会社・法人が倒産したら|破産手続きの概要と流れ
この記事は、資金繰りでお悩みで「会社が倒産したらどうなるかわからない」「会社を畳むにはどうすれば良いのか」とお考えの…[続きを読む]
法人・企業が人を雇った場合、基本的に正社員や一部の従業員を厚生年金保険(いわゆる社会保険)に加入させる義務を負います。
厚生年金保険に加入すると社会保険料を支払う必要が出てきますが、業績不振から社会保険料を払えない企業が増えているようです。
場合によっては社会保険料の支払いが原因で倒産するケースもあり、現在頭を悩ませている法人の事業主・経営者も多いかもしれません。
社会保険料は「労使折半」といって、会社と従業員が半分ずつ支払うものですが、最終的な納付義務を負うのは会社側です。
しかし、会社側が様々な理由で、社会保険料を支払わない事例が散見されます。
この記事では、社会保険料について、
を解説していきます。
目次
まずは、なぜ社会保険料を支払わない企業が増えたのかを考えていきます。
「社会保険料を払わなくてはいけないことを知らなかった」というものです。これは、コンビニなどのアルバイトが多い職場で発生することがあります。
「うちにはバイトしかいないから厚生年金に加入しなくていい。つまり社会保険料がかからない」と勘違いしているオーナーもいるようですが、正社員でなくても「1週間の所定労働時間や1ヶ月の所定労働日数が一般社員の4分の3以上」である従業員に対しては、たとえバイトやパートタイマーであっても厚生年金保険に加入して、保険料を支払う義務が生じます。
また、脱サラしたばかりで独立した人の中には、会社の人事・労務管理について勉強不足の人がどうしても存在します。
そういった人が会社を作った場合、社会保険に関する知識が身についていないこともあって、社会保険に未加入のまま営業を続け、その結果として社会保険料を支払わないということが起こりえるのです。

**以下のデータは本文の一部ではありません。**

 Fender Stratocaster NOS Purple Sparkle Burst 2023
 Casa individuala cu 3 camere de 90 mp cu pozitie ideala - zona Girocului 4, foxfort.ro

なお、「うちは従業員を雇っていないから…」という社長一人の会社でも、例外はあれど、社会保険への加入義務は発生します。
これを知らずに未加入のまま営業を続け、社会保険料を支払っていない会社もあるようです。
事業がうまく行かずに社会保険料を支払えないというケースも存在します。
会社は毎月従業員の手取り給与を振り込まなければなりませんが、この支払いに困って社会保険料に回す分を使ってしまう…という事例もあるようです。

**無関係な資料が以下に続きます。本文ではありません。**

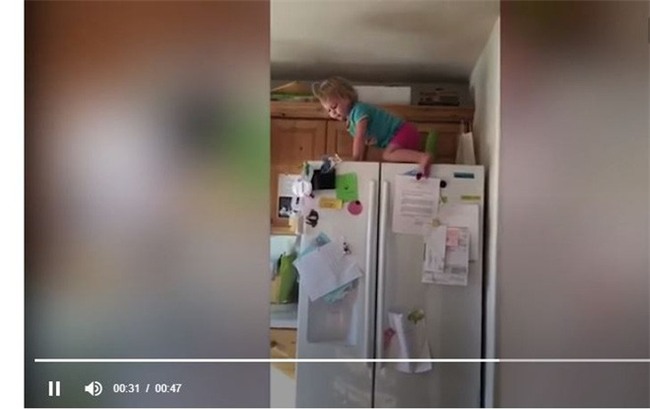 Tưởng con mất tích, bà mẹ tá hỏa khi tìm thấy con ở nơi không thể ngờ tới - Ảnh 2.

近年は人手不足の影響で倒産が起こるほど、労働力が不足しています。
会社は従業員に辞められては困るため、給与を払い続けなければなりません。
また、平均時給なども上昇傾向にあるので、人手を確保するためにも給与を維持またはアップさせる必要があります。
こういった事情で社会保険料を支払う余裕がない・支払いを後回しにせざるを得ない会社は、一定数存在すると考えられています。
日本年金機構は数年間「消えた年金問題」の対応に追われていました。
しかし、近年は国税庁が持つ源泉徴収の情報を利用することで、どの会社に何人の従業員がいるのかを把握できるようになっています。
また、マイナンバーによって社会保険に未加入の事務所を特定することも可能です。
上記の手段で社会保険に未加入の企業を狙って加入を促すことができるようになった結果、社会保険に加入済みの企業を大幅に増やすことに成功しました。
しかし、社会保険に加入したことと、保険料を支払えるかはまた別の話です。
加入したは良いものの、資金繰りなどの問題で支払う資金がなく、結果的に滞納を続けている会社もあるとされています。
【建設業で受注に影響が出るため保険に加入したが保険料を払えないケースも】
建設業では入札公告を伴う工事において、元請業者が社会保険に未加入の業者と下請契約を結ぶことが禁止されています。現在はまだ一次下請け業者との契約が禁止されているだけの状態ですが、国土交通省の直管工事では二次請け以下の場合でも、社会保険の未加入が発覚すると担当部局に通報されてしまいます。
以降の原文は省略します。